Il destino mescola le carte con cui noi giochiamo  (Arthur Schopenhauer)

Il vero vincitore è chi sa perdere  (Caetano Veloso)

Si può scoprire di più su una persona in un’ora di gioco che in un anno di conversazione  (Platone)

Non si smette di giocare perché si invecchia, ma si invecchia perché si smette di giocare  (George Bernard Shaw)

“A che gioco giochiamo” “fare il doppio gioco” “ogni bel gioco dura poco” “avere buon gioco” “scoprire il proprio gioco” “stare al gioco” “giocare a carte scoperte” “prendersi gioco di qualcuno” “fare buon viso a cattivo gioco” “mettersi in gioco” “giocarsi l’ultima carta”…

A parte gli aforismi d’autore che abbiamo in apertura, sono innumerevoli anche i modi di dire popolari sul gioco, che ne dimostrano l’importanza nella vita quotidiana degli esseri umani. Giocare è un nostro bisogno primario: giochiamo per divertirci, per metterci alla prova e verificare le nostre capacità, per sfidare chi ci sta intorno, per arricchire la nostra vita sociale, per comunicare e relazionarci con gli altri. Per vedere chi è più forte, noi o il destino. Chi non vuol cercare di avere la meglio in qualcosa, in qualche occasione, su qualcuno, che sia un avversario o la sorte?

Come ogni attività umana, a volte anche il gioco può degenerare, trasformarsi in una dipendenza patologica. Sentiamo ogni tanto di personaggi più o meno celebri che si bruciano rovinandosi col gioco, ma simili drammi colpiscono anche tanti comuni mortali, sebbene non ne parlino le cronache.

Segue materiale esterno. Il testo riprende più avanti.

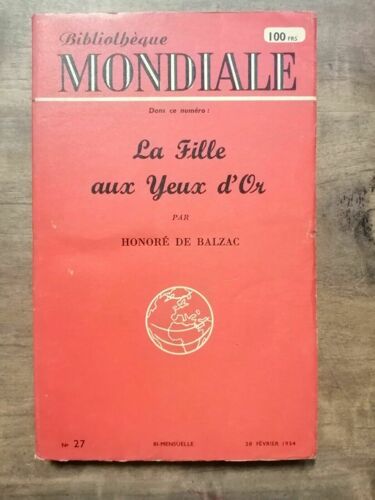 Bibliothèque Mondiale Nº 27 La Fille Aux Yeux D'or 1954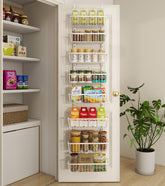 Mefirt white over-door pantry organizer for compact space-saving kitchen storage.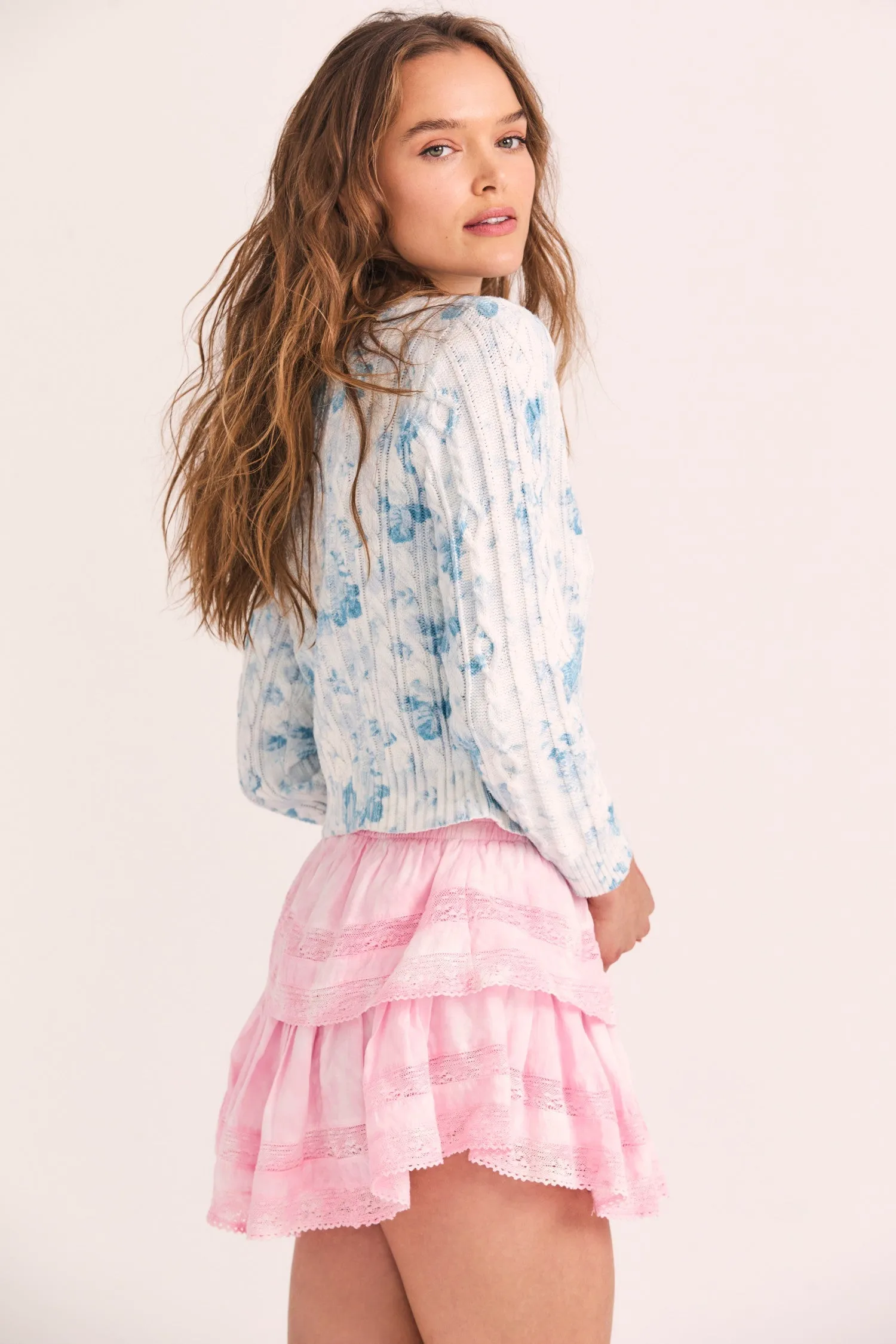 Love Shack Fancy - Easton Pullover in Light Blue Rain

Ma non è di questi aspetti deleteri del gioco che ci vogliamo occupare: ad interessarci qui è soprattutto la sua natura genuina, quella che sboccia già in culla col neonato e che ha origine agli albori delle società umane.

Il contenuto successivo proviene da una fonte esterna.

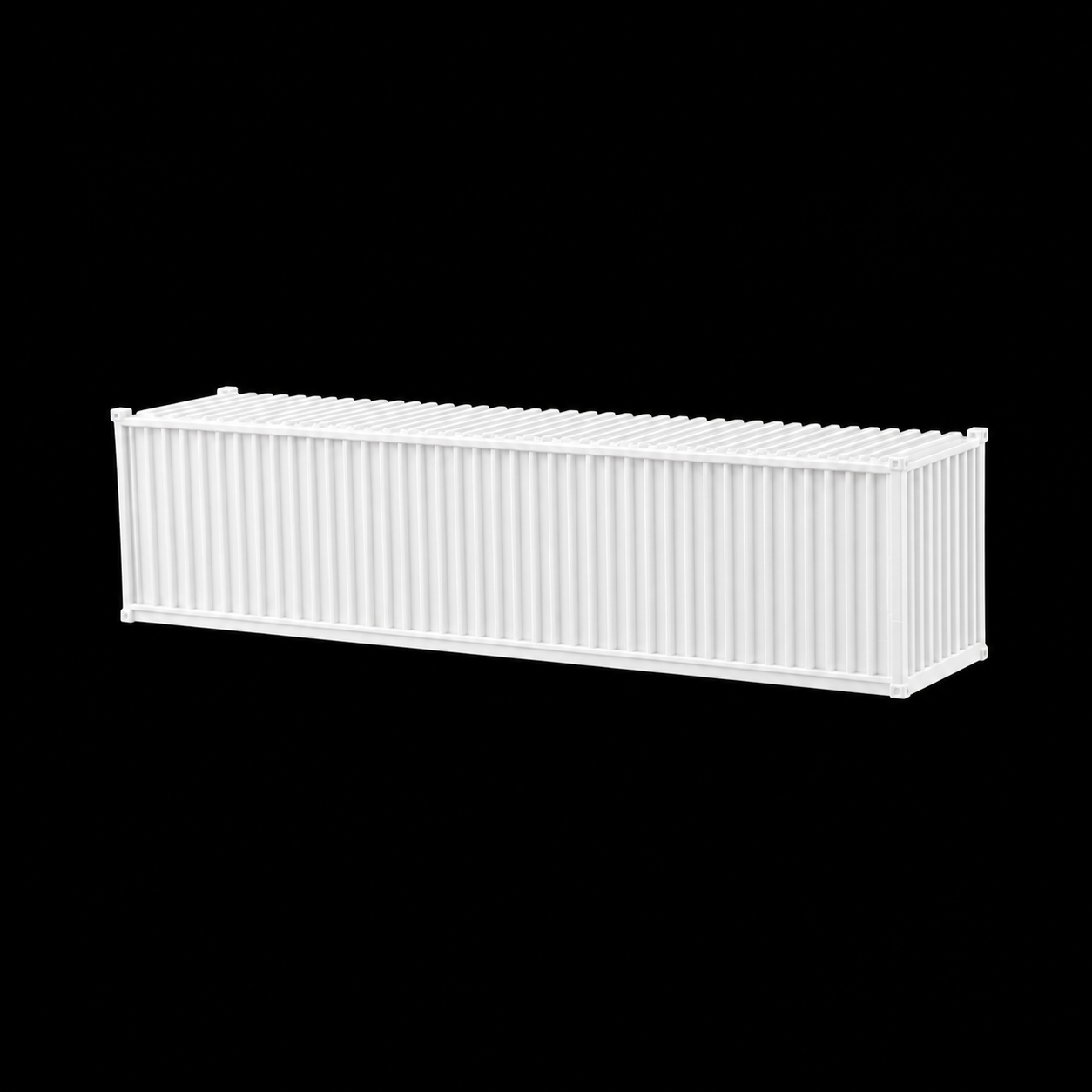 N Scale 1:160 40' Shipping Containers White 2pk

La Storia narra da secoli di giochi sportivi e ricreativi, come i giochi olimpici dell’antica Grecia che erano sacri agli dèi ed erano il riferimento nel computo degli anni; i primi giochi di carte risalgono invece alle antiche civiltà dell’India e della Cina, mentre le carte da gioco come le conosciamo noi furono introdotte dagli arabi in Europa, attraverso la Spagna.

Uno dei giochi più antichi e allegorici è quello degli scacchi, che troviamo nella Persia del IX secolo a.C. citato dal poeta Hassan nel Libro dei Re. Tracce arabe e persiane si trovano nell’espressione “Shah mat” (scacco matto) che significa «il re è morto». Gli scacchi erano peraltro presenti anche nell’antico Egitto, dove un disegno sulla tomba di Nefertari, moglie del faraone Ramses II, raffigura la regina mentre gioca.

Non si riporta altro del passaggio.